#### What is needed:
Return the entries below verbatim. Pictures stay out.

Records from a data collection
--------------------------------------------------

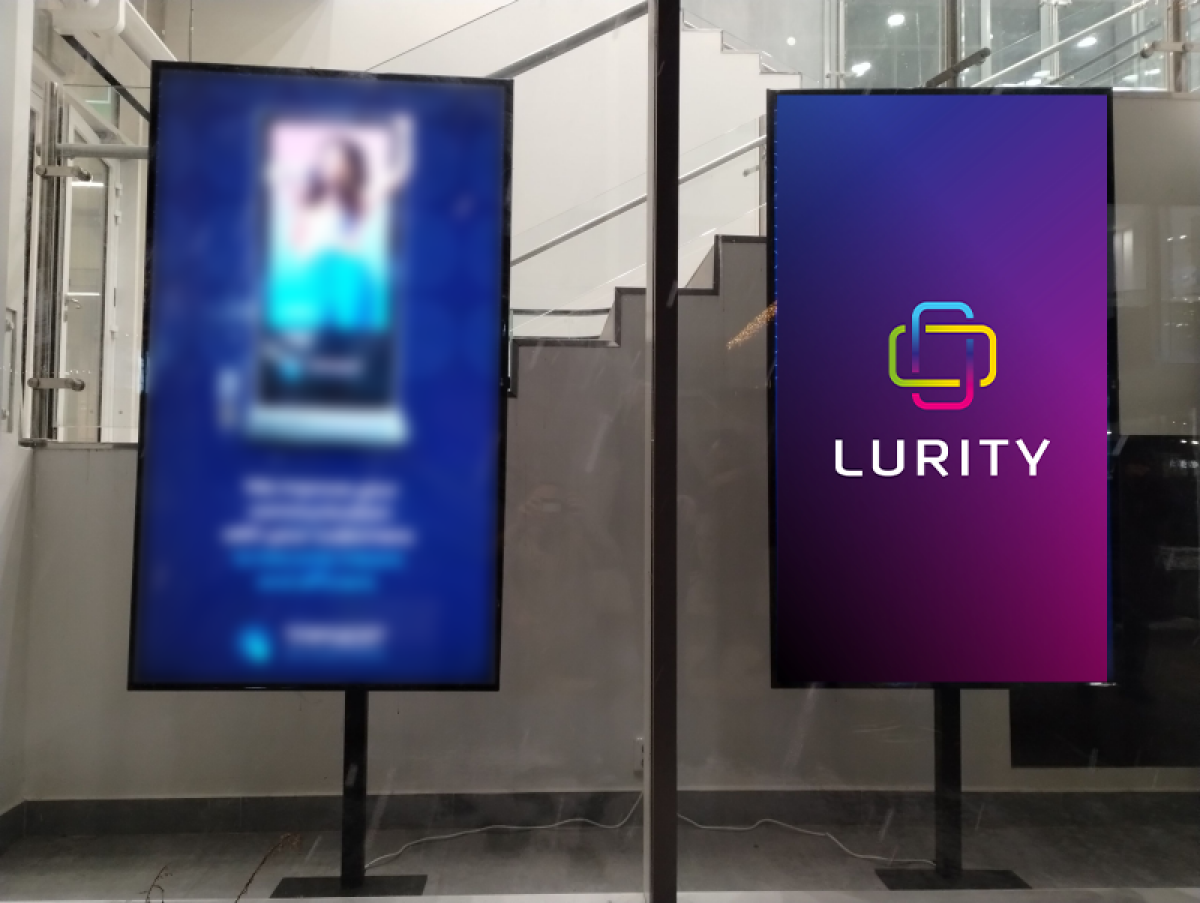 OC Háje Praha Bankomaty 7 pravá — DOOH screen at OC Háje - pravá, Praha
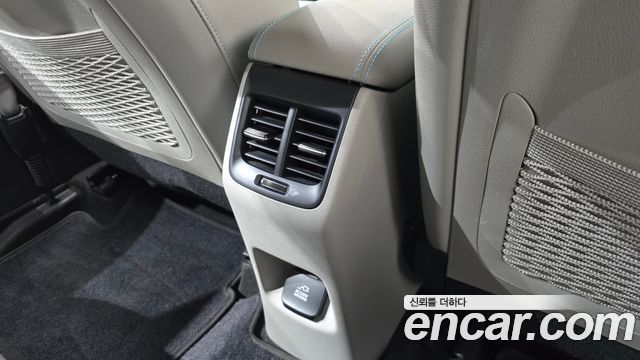 Kia Niro Noblesse 2018 — фото 31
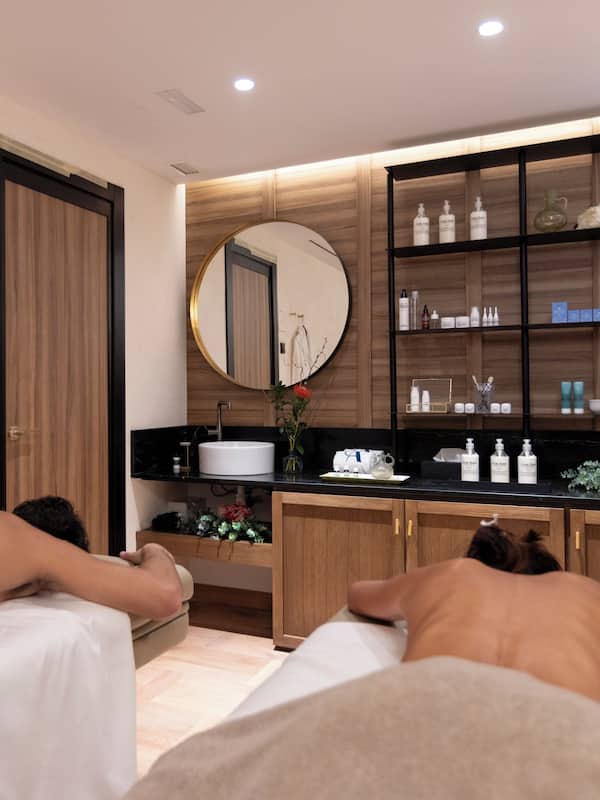 Couples treatment room(s), body treatments, facials, massages
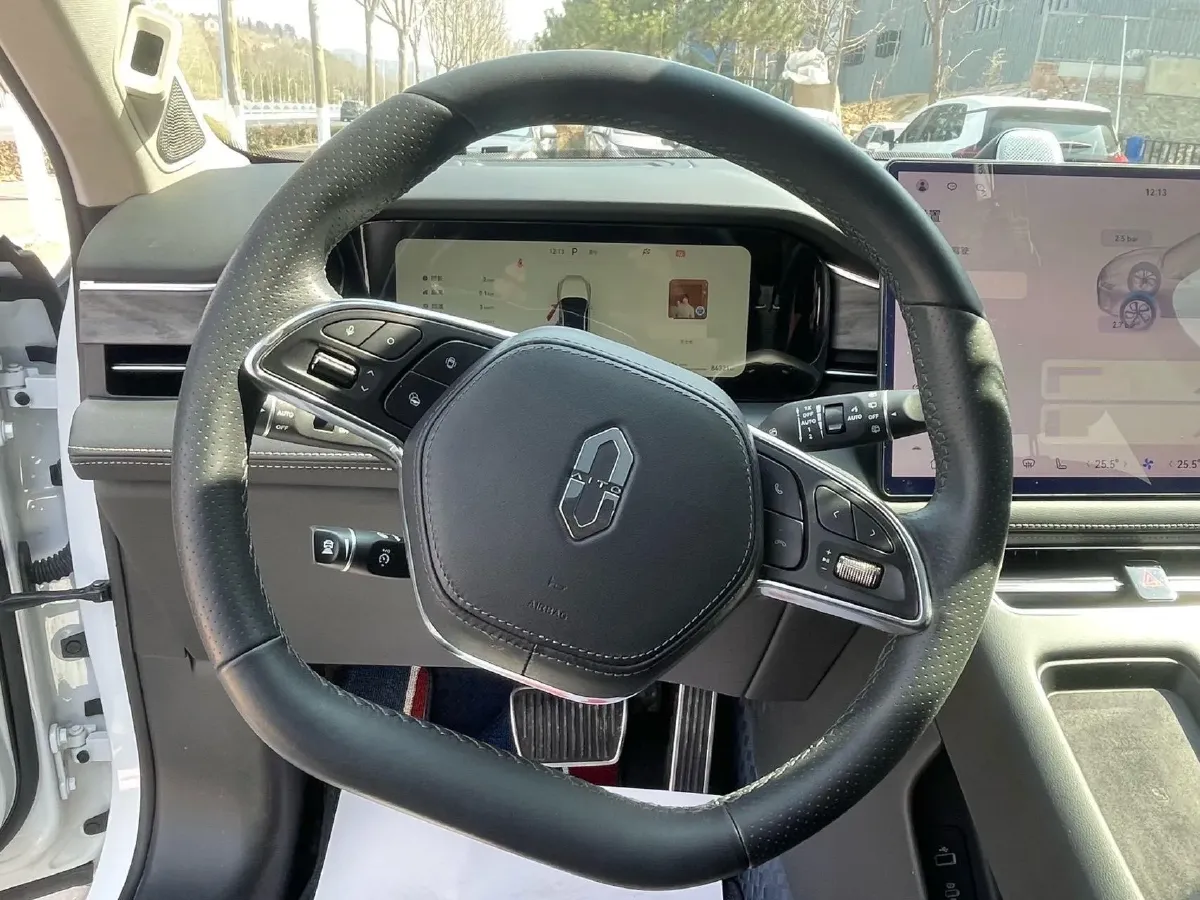 2022 Infiniti Q50L 2.0T 211HP L4 7AT,autocango,china used car exporter,china ev exporter,chinese used car exporter,chinese used ev exporter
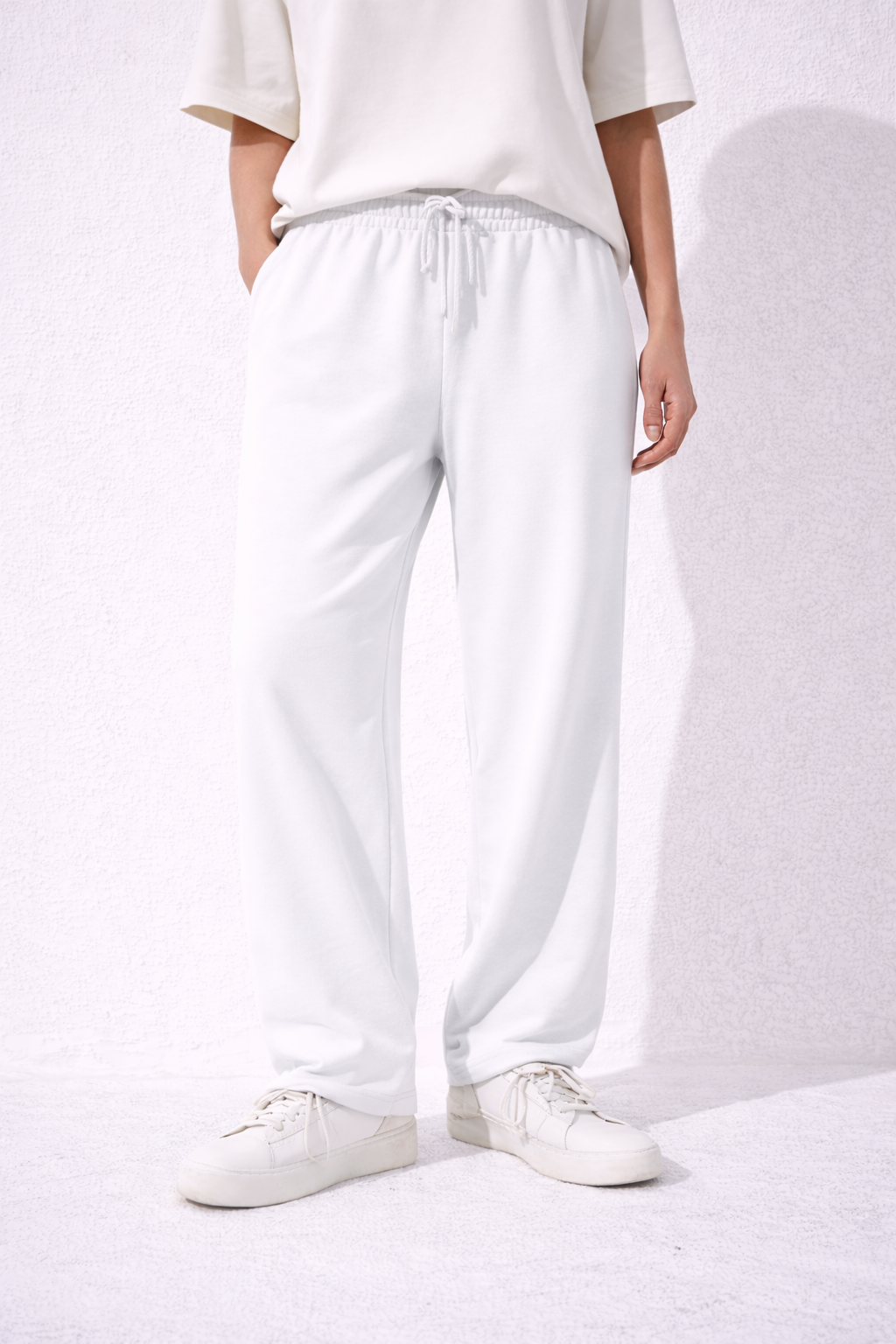 MADE WEAR WOMEN ESSENTIAL TROUSER - WHITE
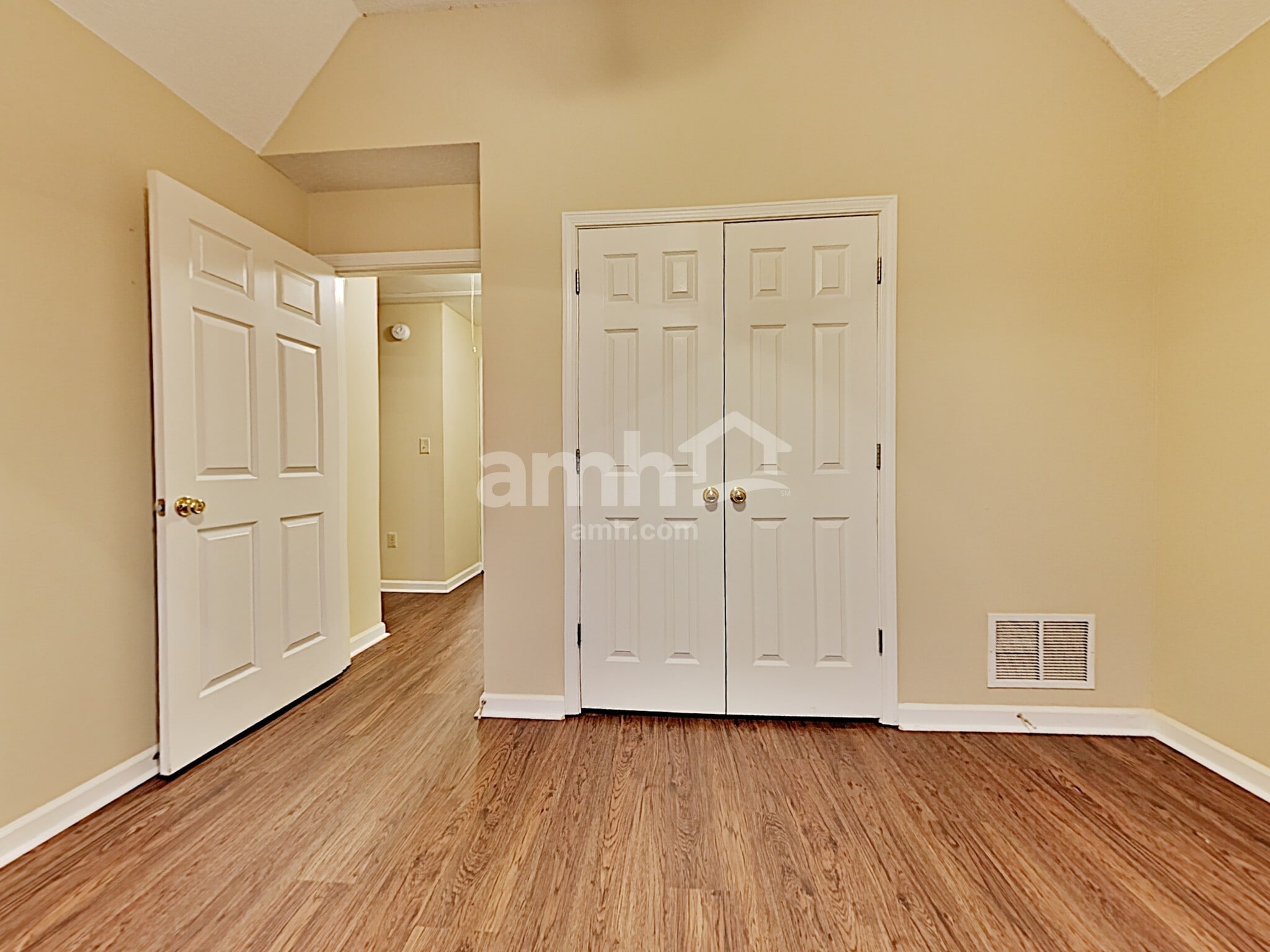 Building Photo - 9357 Bryant Trent Blvd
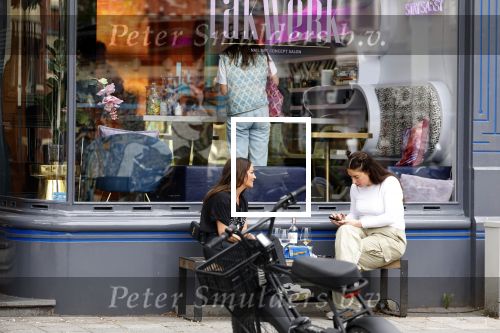 Amsterdam 17 mei 2024
Saar Koningsberger voor haar nagelstudio in Amsterdam zuid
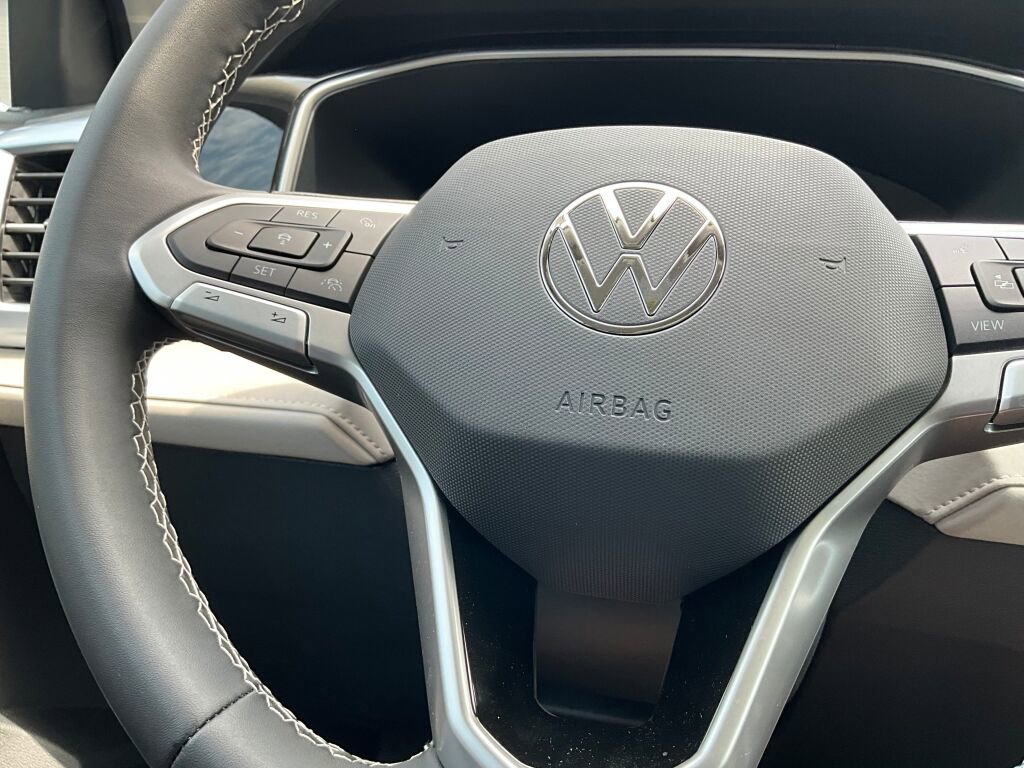 New 2025 Volkswagen Taos SE image 21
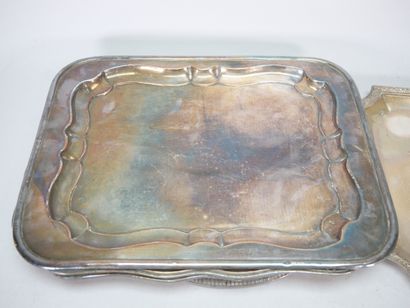Set of silver-plated dishes including :
-...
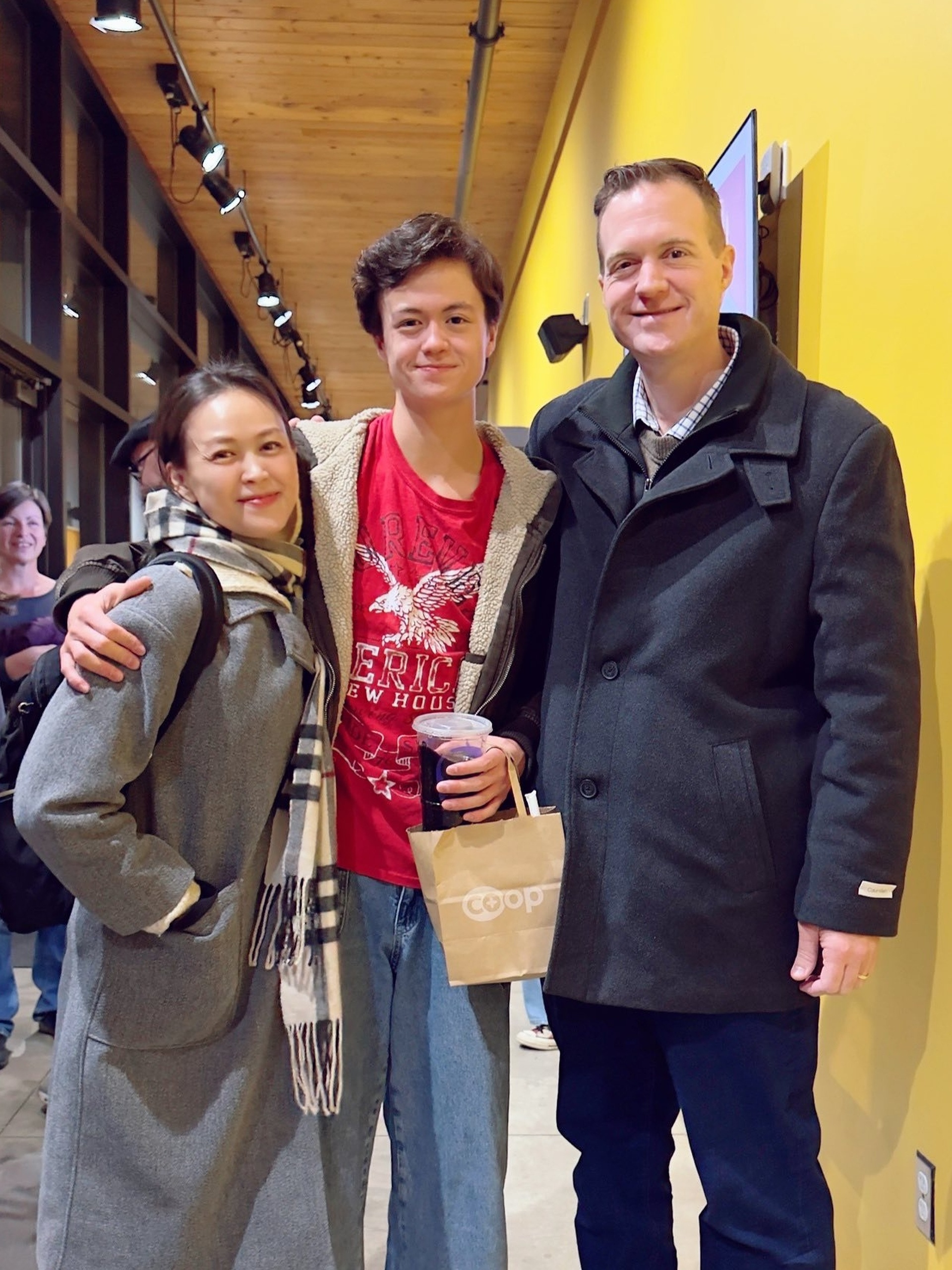 Siêu mẫu Ngọc Nga kể hôn nhân viên mãn bên chồng Tây, 2 con trai cao gần 2m - 11 Siêu mẫu Ngọc Nga kể hôn nhân viên mãn bên chồng Tây, 2 con trai cao gần 2m - 11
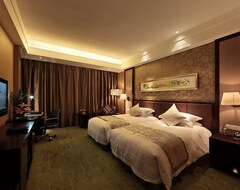 Landison Hotel Nantong (Nantong, China)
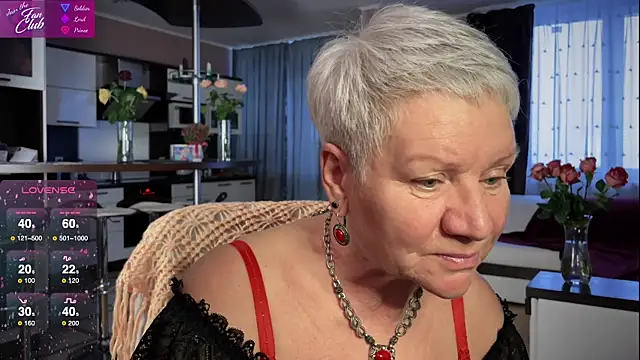 Snapshot of roxana_brooks chatting on 02-18-25, 02:38 roxana brooks online show from 02-18-25, 02:38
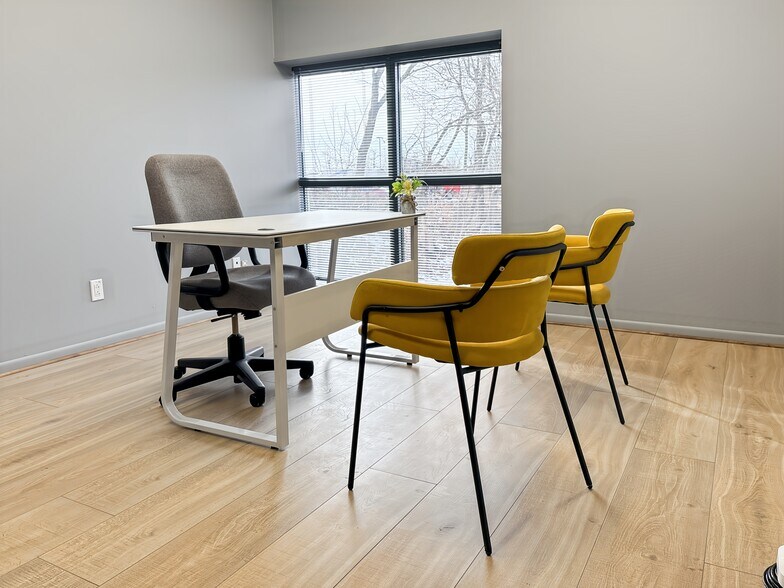 More Photos Of 10431 Perry Hwy, Wexford Coworking Space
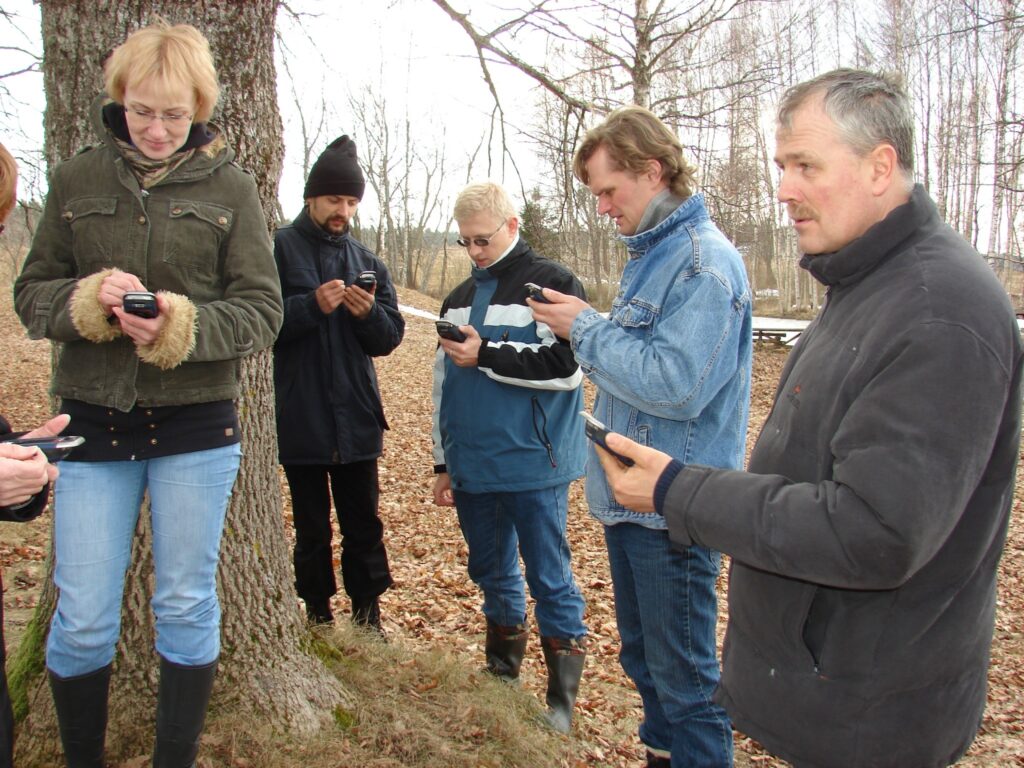 Trikātas pagastā kultūras mantojuma objektus meklēs Inga Boškina, Variņu un Palsmanes pagastā - Edgars Žīgurs (otrais no labās), Blomes pagastā - Aigars Ziemulis (pirmais no labās).
Autors: Sandra Pētersone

--------------------------------------------------

#### Exercise response:
 OC Háje Praha Bankomaty 7 pravá — DOOH screen at OC Háje - pravá, Praha
 Kia Niro Noblesse 2018 — фото 31
 Couples treatment room(s), body treatments, facials, massages
 2022 Infiniti Q50L 2.0T 211HP L4 7AT,autocango,china used car exporter,china ev exporter,chinese used car exporter,chinese used ev exporter
 MADE WEAR WOMEN ESSENTIAL TROUSER - WHITE
 Building Photo - 9357 Bryant Trent Blvd
 Amsterdam 17 mei 2024
Saar Koningsberger voor haar nagelstudio in Amsterdam zuid
 New 2025 Volkswagen Taos SE image 21
Set of silver-plated dishes including :
-...
 Siêu mẫu Ngọc Nga kể hôn nhân viên mãn bên chồng Tây, 2 con trai cao gần 2m - 11 Siêu mẫu Ngọc Nga kể hôn nhân viên mãn bên chồng Tây, 2 con trai cao gần 2m - 11
 Landison Hotel Nantong (Nantong, China)
 Snapshot of roxana_brooks chatting on 02-18-25, 02:38 roxana brooks online show from 02-18-25, 02:38
 More Photos Of 10431 Perry Hwy, Wexford Coworking Space
 Trikātas pagastā kultūras mantojuma objektus meklēs Inga Boškina, Variņu un Palsmanes pagastā - Edgars Žīgurs (otrais no labās), Blomes pagastā - Aigars Ziemulis (pirmais no labās).
Autors: Sandra Pētersone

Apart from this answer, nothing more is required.